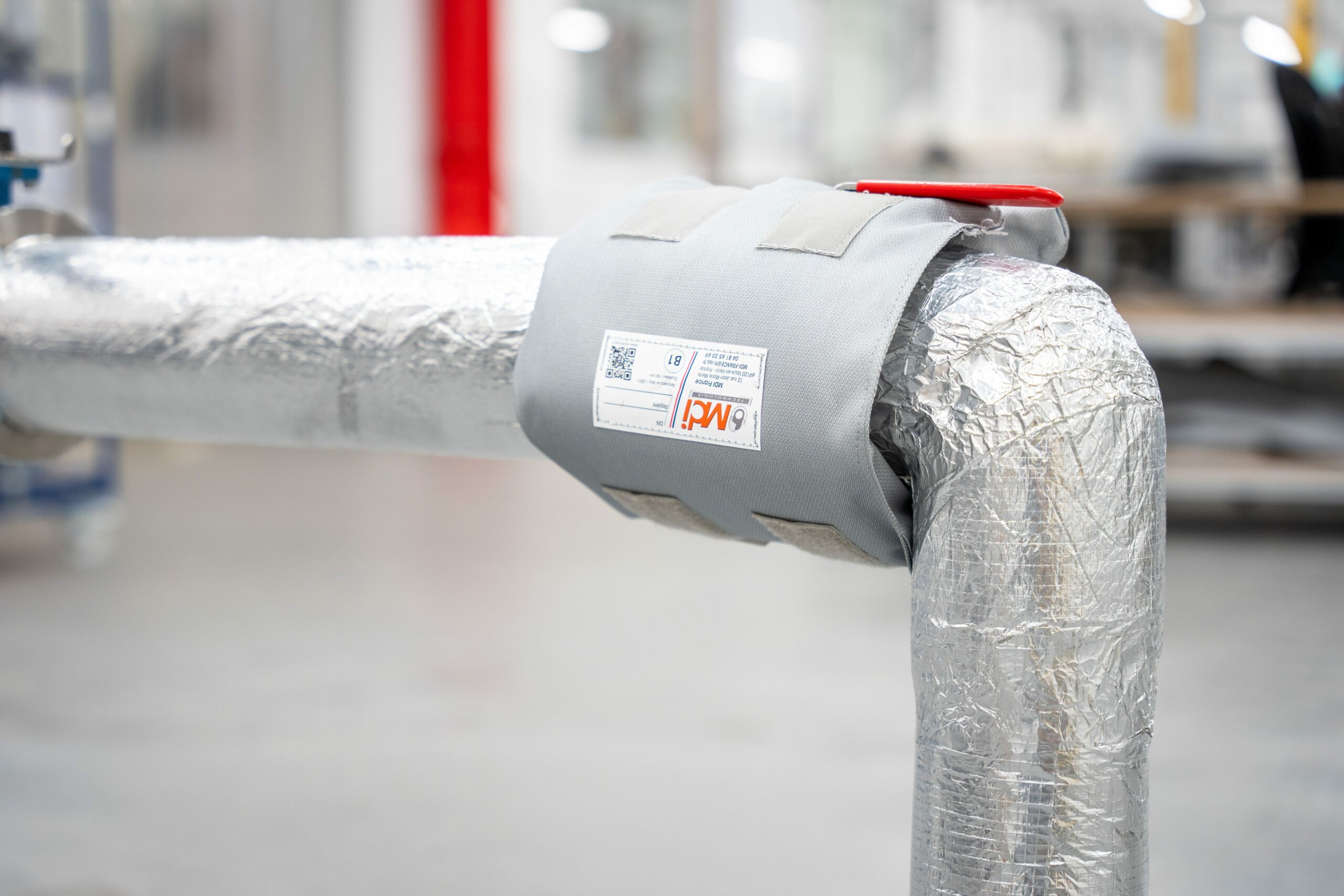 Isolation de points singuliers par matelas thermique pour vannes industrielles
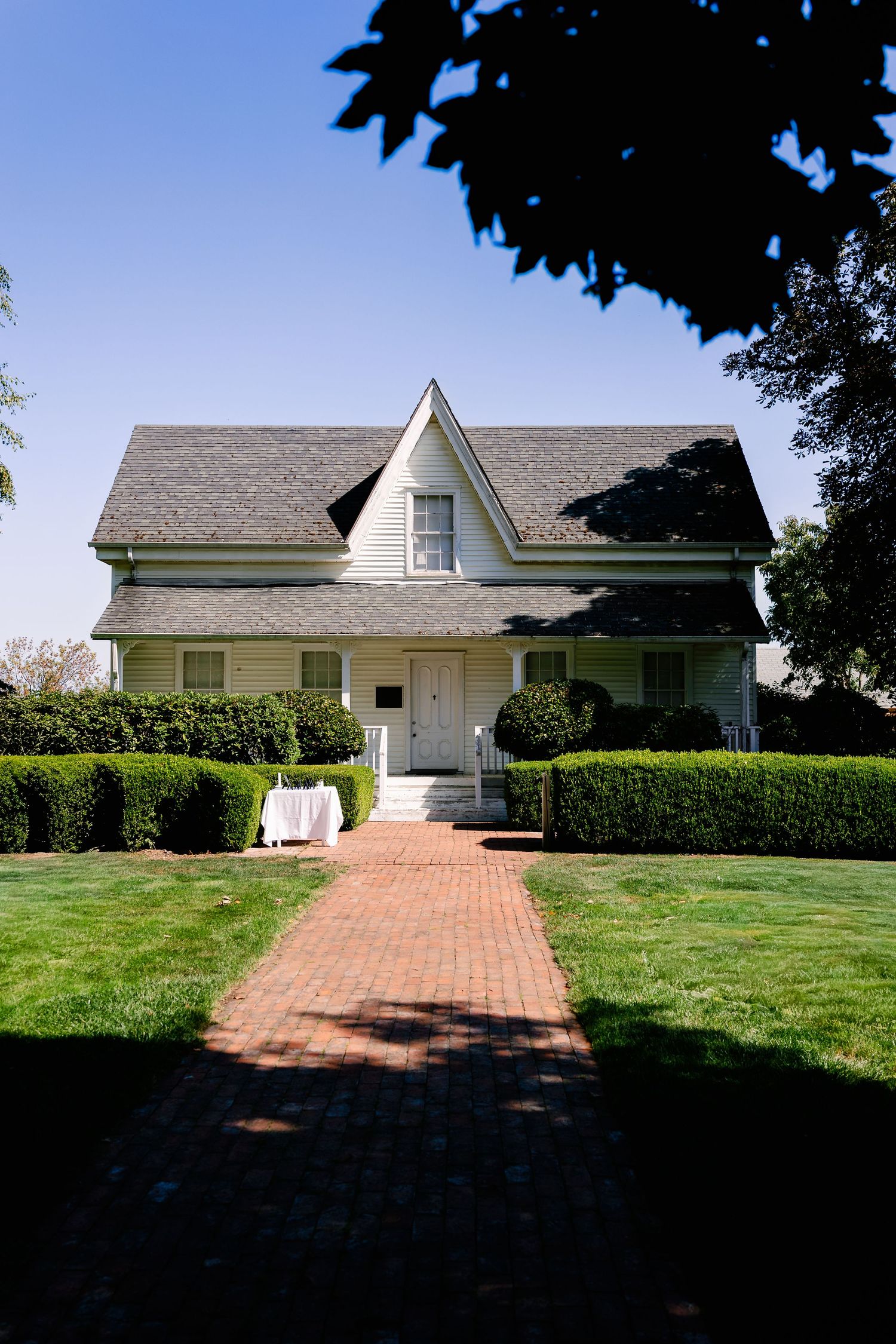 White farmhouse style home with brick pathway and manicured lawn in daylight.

--

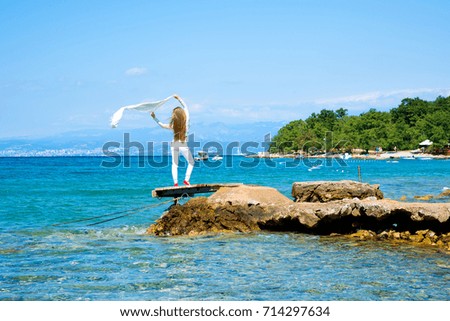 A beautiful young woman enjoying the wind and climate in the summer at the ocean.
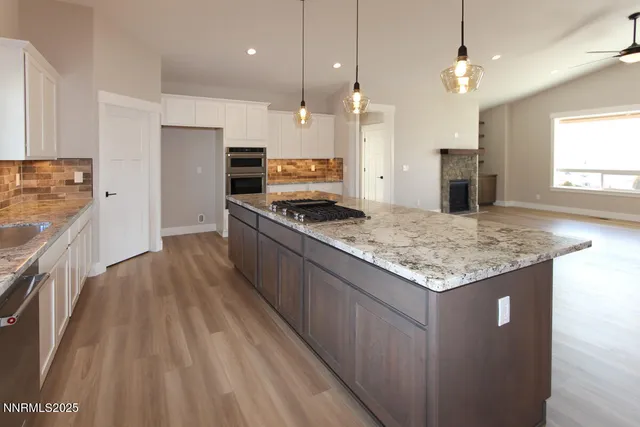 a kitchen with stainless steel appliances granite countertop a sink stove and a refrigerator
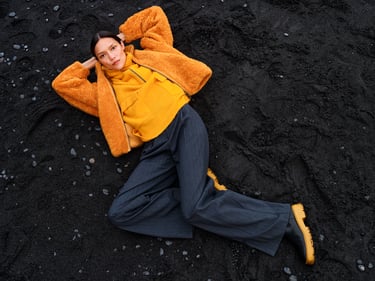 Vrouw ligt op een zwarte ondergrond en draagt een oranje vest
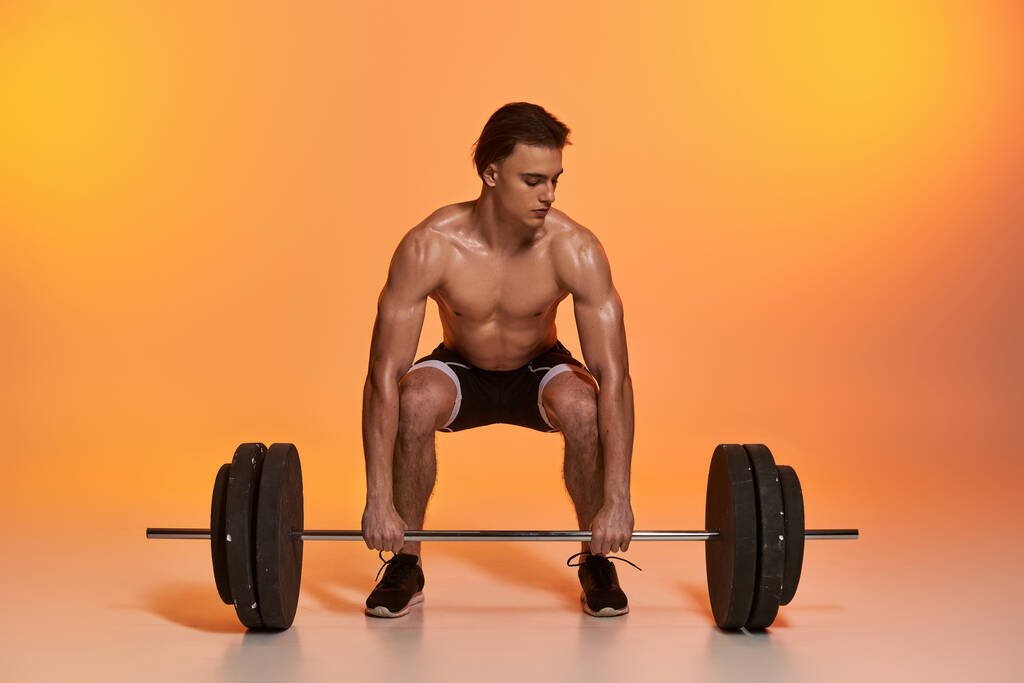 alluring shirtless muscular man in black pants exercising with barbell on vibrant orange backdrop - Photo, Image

» Problem
Work from the entries above. Set down exactly and only the lines from the line with "Isolation de points" to the line with "White farmhouse style", both included, and leave the pictures out.

» Task answer
 Isolation de points singuliers par matelas thermique pour vannes industrielles
 White farmhouse style home with brick pathway and manicured lawn in daylight.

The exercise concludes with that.